Hola, tengo entendido que la Ñ no existe en euskera, pero me surge la duda con el nombre de la ciudad de Pamplona en euskera, que se dice Iruña. ¿Alguien me puede explicar por qué en ese caso se utiliza la Ñ? Eskerrik asko!


----------



## merquiades

Hola. Parece que sí existe.  Mira aquí:  Aprende vasco, también aquí:
omniglot y pronunciación.


----------



## Outsider

El sonido /ñ/ existe en vasco, aunque (según el sitio de Larry Trask, p.ej.) se escribe muchas veces "in".


----------



## Hulalessar

http://en.wikipedia.org/wiki/Basque_alphabet According to this page in English Basque has the letter "ñ".

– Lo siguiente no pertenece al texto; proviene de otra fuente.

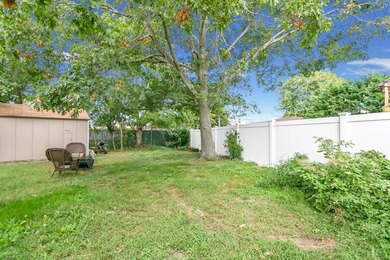 Wide Line Hi Ranch 4/5 Br, 2 Full Baths in Ocean Harbor. Close - photo 10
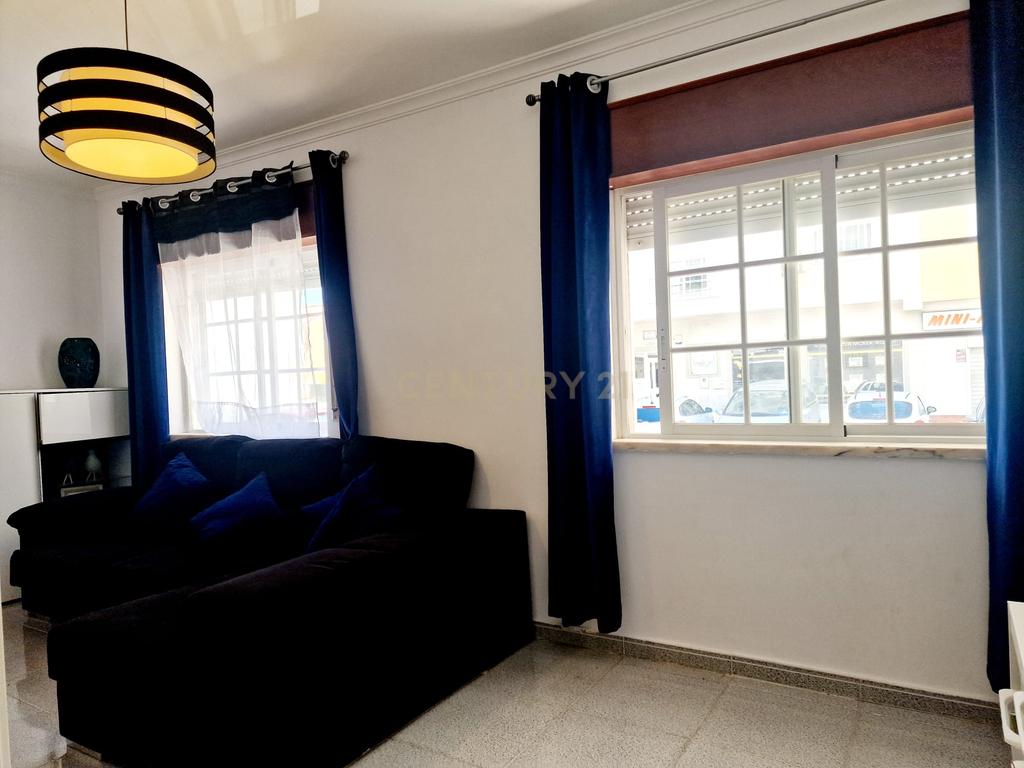 Apartamento T1 Quinta do Conde com logradouro bastante amplo - Image 7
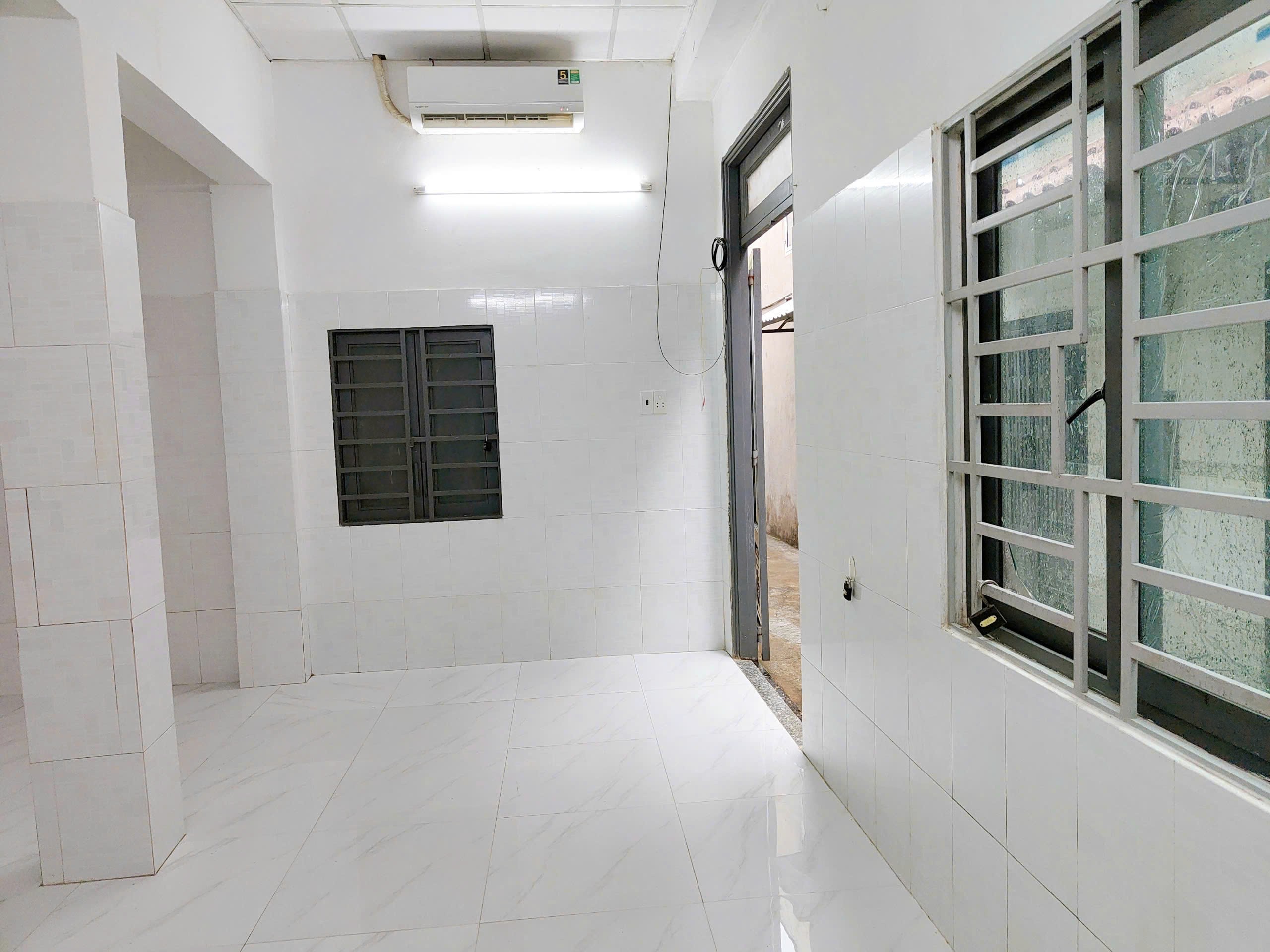 Cần bán Nhà mặt tiền Phường Hiệp Phú, Quận 9, Diện tích 74m², Giá 10 Tỷ 6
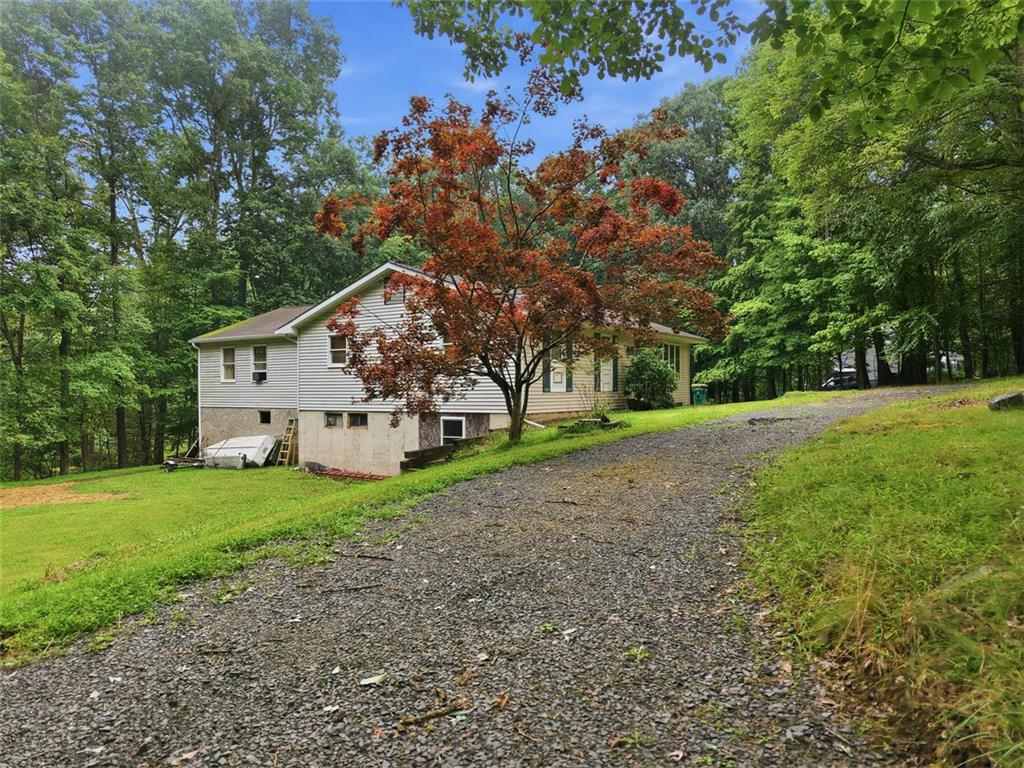 191 Hemlock Road Property Photo 3
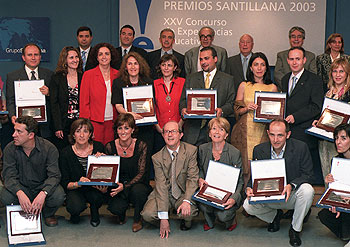 Los premiados, con el presidente del Grupo PRISA, Jesús de Polanco, y el rector Gregorio Peces-Barba.
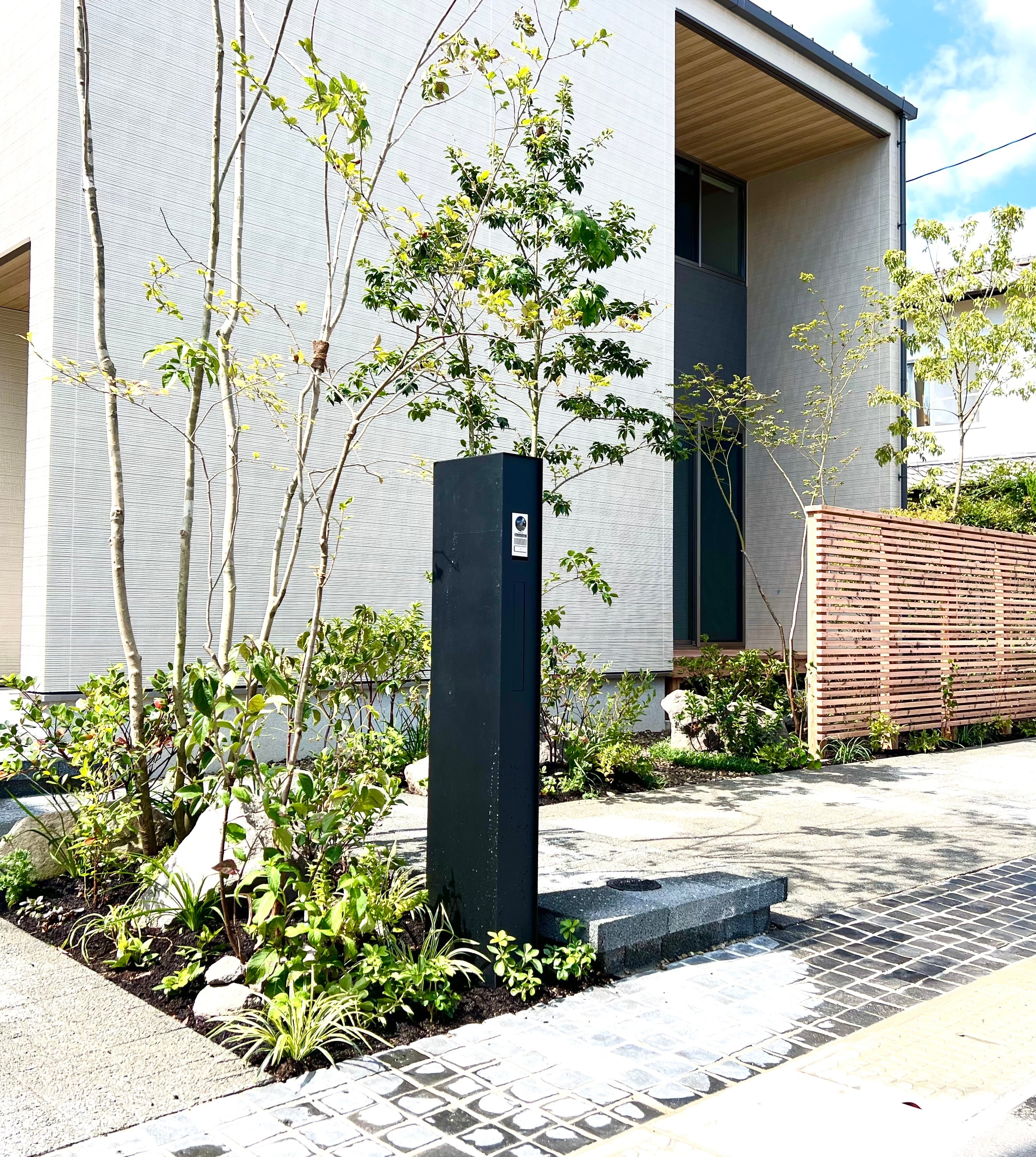 ステンレス機能門柱「Ospole オスポール 取出し右吊元」EX07009miratap ミラタップ20505 :: 建材トレンド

http://an.wikipedia.org/wiki/Alfabeto_vasco Según esta página en Aragonés (si hay en Castellano no la encuentro) el vasco tiene la letra "ñ".


----------



## Agró

Existe, aunque en los dialectos occidentales parece haber preferencia por el dígrafo '-in-'.
El nombre oficial de Pamplona en euskera es Iru*ñ*a o Iru*ñ*ea.


----------



## jmnjmn

Euskaltzaindia: http://www.euskaltzaindia.net/hiztegibatua
HIZTEGI BATUA  (Diccionario unificado).

*ñ* iz. 'euskal alfabetoaren hamabosgarren letra' (ñ, Sus. 'decimoquinta letra del alfabeto vasco'.)

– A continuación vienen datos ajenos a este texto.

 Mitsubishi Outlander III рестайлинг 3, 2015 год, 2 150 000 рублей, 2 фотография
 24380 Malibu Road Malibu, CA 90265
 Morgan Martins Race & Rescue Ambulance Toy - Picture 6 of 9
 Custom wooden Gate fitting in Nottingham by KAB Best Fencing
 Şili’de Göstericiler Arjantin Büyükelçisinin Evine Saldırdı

Ejemplos (a vuelapluma): ñabardura, andereño, ikurriña, nimiño...


----------



## Norastorgarlensiu

Agur.

Sí existe la ñ escrita, aunque, comparando con el resto de léxico, en pocos casos. Comparando.

Ongi izan.

N.


----------



## Norastorgarlensiu

Agur.

Abundando en la ciudad de Iruña, Iruñea, solo decir que en roncalés es Uruña, Uriña, y siempre con ñ.
Ejemplos:
-Engoxan, Uruñan egon naz. Esta mañana he estado en Iruña.
-Xaz, Uruñako xeietra iriko neskaxe baneki xuan ninden. El pasado año fui a las fiestas de Iruña con unas mueticas del pueblo.

Sin más.

Postdata: Cueva de Santimamiñe, en Kortezubi (Bizkaia).

Olentzero on !

N.


----------



## Penyafort

El sonido /ɲ/ existe en todos los idiomas de la Península. Si ha de escribirse _ñ _como en castellano o con un dígrafo que lo represente, ha sido motivo de discusión en euskera pero también en gallego y en aragonés, donde brega con las soluciones _nh _y _ny_, respectivamente, coincidentes con la portuguesa y la catalana. La brega a menudo conlleva razones políticas o ideológicas, por lo que a veces se entra en terrenos delicados que poco tienen que ver con las tradiciones gráficas históricas.


----------



## Norastorgarlensiu

Agur.

En euskara la ñ la escribimos en algunas palabras, no en los verbos, que en Hegoalde se pronuncia la ñ si anterior va una i, in, pues, pero no se escribe: ginen, zinaten... Y pronuncian giñen, ziñaten. En Iparralde in, se pronuncia, in, no cambia, queda la pronunciación más suave.


----------